Gazete, dergi, kitap gibi basılı bir ortamda çizim dizileri aracılığıyla anlatılan öykülere çizgi roman denmektedir. Çizgi romanda anlatımın ağırlığı daha çok çizimlerdedir, ama yazı da, konuşma ve düşünme balonları içinde buna katılır. Ayrıca kısa açıklamalar, ünlem sözcük ve imleri de kullanılır, böylece resimle yazının birbirinden ayrılmaz bir bütün oluşturduğu bir anlatım biçimi ortaya çıkar.

Çizgi romanda çizgiler gerçekçi ya da karikatürleştirilmiş, öyküler de gerçekçi ya da gerçek dışı olabilir. Öykü bir kerede bitebileceği gibi, birkaç dizi boyunca da sürebilir. Önemli olan bunların çizgi romanın bilinen, tanınan kahramanlarının başından geçiyor olmasıdır. Çizimlerin içine yerleştirildiği kareler, öykünün aşamalarını belirler. Öykülerde kullanılacak kare sayısı çizgi romanın yayımlandığı ortama göre 3-4 ile 12-15 arasında değişir. Karelerin sayısı ve düzenlenişi çizimleri olduğu kadar, öykünün konusunu da etkileyen önemli bir öğedir.

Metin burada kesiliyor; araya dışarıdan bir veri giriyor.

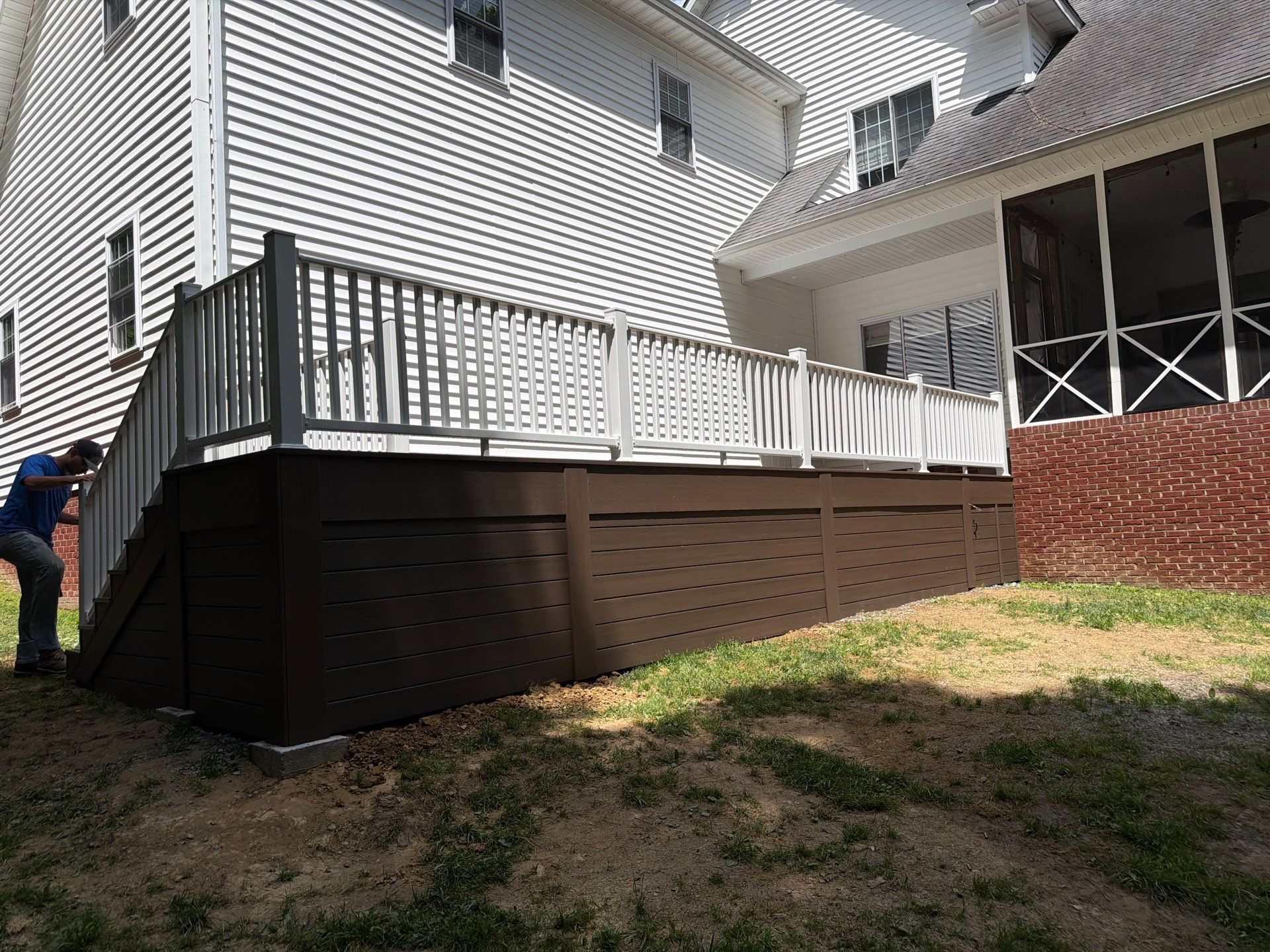 Custom Composite Deck and White Vinyl Railing Installation in Fayetteville by Walnut Hollow Decks & Outdoor Living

Çizgi romanda öykü kısıtlaması yoktur. Geçekçi, fantastik, destansı, ironik her tür öykü çizgi roman konusu olabilir. Önemli olan anlatımın güçlü olmasıdır. Bu esas çizgi romanın tekniğini de etkiler. Örneğin öykümüz destansı bir kahramanın maceralarını anlatıyorsa kahraman karakterine uygun çizilmelidir. Güçlü, estetik, yakışıklı ya da güzel olmalıdır. Kahramanın görkemini artırmak ve iyilerin tarafında olduğunu anlatmak için bir takım detaylar gereklidir. Örneğin kafası vücuduna oranla daha küçük, kostümü estetik olmalıdır. Kötü karakterin ise tersine kafası vücuduna oranla daha büyük, kostümü de itici olmalıdır. Bu klişe anlatım yollarından sadece biridir. Çizgi romanda buna benzer ifadeyi güçlendirici yüzlerce teknik vardır.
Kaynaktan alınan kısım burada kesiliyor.